Appurata l’importanza della biodiversità, il bosco ‘a terra’ può compromettere la libertà di movimento degli animali, pensiamo in particolare agli ungulati, che qui vi vivono? «Assolutamente no – è la chiara risposta di David –. L’animale selvatico è per sua naturale abituato a vivere in questi contesti. Addirittura la presenza di legno morto a terra fa sì che magari l’ungulato giri attorno a questo legname morto a terra e il bosco, non essendo calpestato, può più facilmente rinnovarsi con nuove piantine che, non venendo brucate dalla selvaggina, possono raggiungere una certa altezza per cui dopo non sono più a rischio. C’è insomma tutto un equilibrio molto interessante». Perché comunque dobbiamo curare il bosco? «Perché il bosco lasciato allo stato naturale ha, come anticipato, delle fasi di degrado e di scomparsa, e quindi evidentemente, in quei momenti, le funzioni che noi chiediamo al bosco vengono meno. Per questo, di fatto, cerchiamo di intervenire per fare in modo di avere un bosco che possa garantire in modo durevole la funzione che noi gli chiediamo di svolgere». Resta la necessità di dover porre delle priorità: «È anche una questione di mezzi a disposizione in quanto, non va dimenticato, non potremmo curare tutti i boschi del territorio, ma del resto non avrebbe neppure senso». Ma quanto, dunque, si investe in termini di finanze? «In questo quadriennio l’investimento del Cantone è di 55 milioni di franchi. Circa quindi 15 milioni all’anno ai quali si aggiungono i circa 50 milioni da parte della Confederazione, più il costo residuo a carico dell’ente. Con questo nostro impegno finanziario cantonale noi andiamo perciò a produrre degli interventi per un valore di circa 130-140 milioni di franchi al quadriennio. Sono cifre importanti».

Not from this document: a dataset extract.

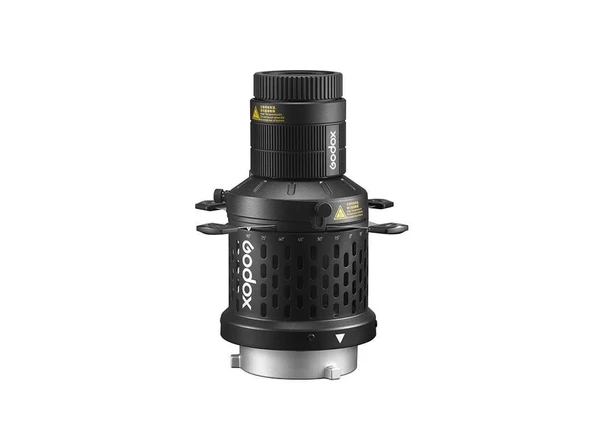 Godox BLP LED İçin Optik Şekillendirici (Sürekli ışıklar için) - Resim 4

In tutta questa riflessione rientrano di diritto i bisogni mutati della società: «Lo svago e la biodiversità sono bisogni che si sono sviluppati lungo i decenni. In passato il bosco rappresentava soprattutto il sostentamento delle popolazioni. Pensiamo alle selve castanili, con le castagne utilizzate per l’alimentazione e il legname d’opera per la vendita quindi da reddito, il bestiame che vi poteva pascolare. Erano dei bisogni che oggi sono un po’ cambiati, ma la dinamica e le necessità della società nei confronti del bosco sono in parte sempre quelle». C’è in questo in Ticino una differenza regionale? Zone più salvaguardate? «Non direi. Più che regionali, dipende dalla tipologia di bosco. Le selve castanili, importanti per l’attività agricola, ne troviamo in tutto il cantone, e in particolare nel Malcantone, conosciuto come la Mecca delle selve castanili. Nell’Alto Ticino invece sono presenti soprattutto i lariceti pascolati. Chiaro che ci sono dei popolamenti boschivi che hanno delle caratteristiche tali perché sono sempre state gestite anche in sinergia mista con il settore agricolo».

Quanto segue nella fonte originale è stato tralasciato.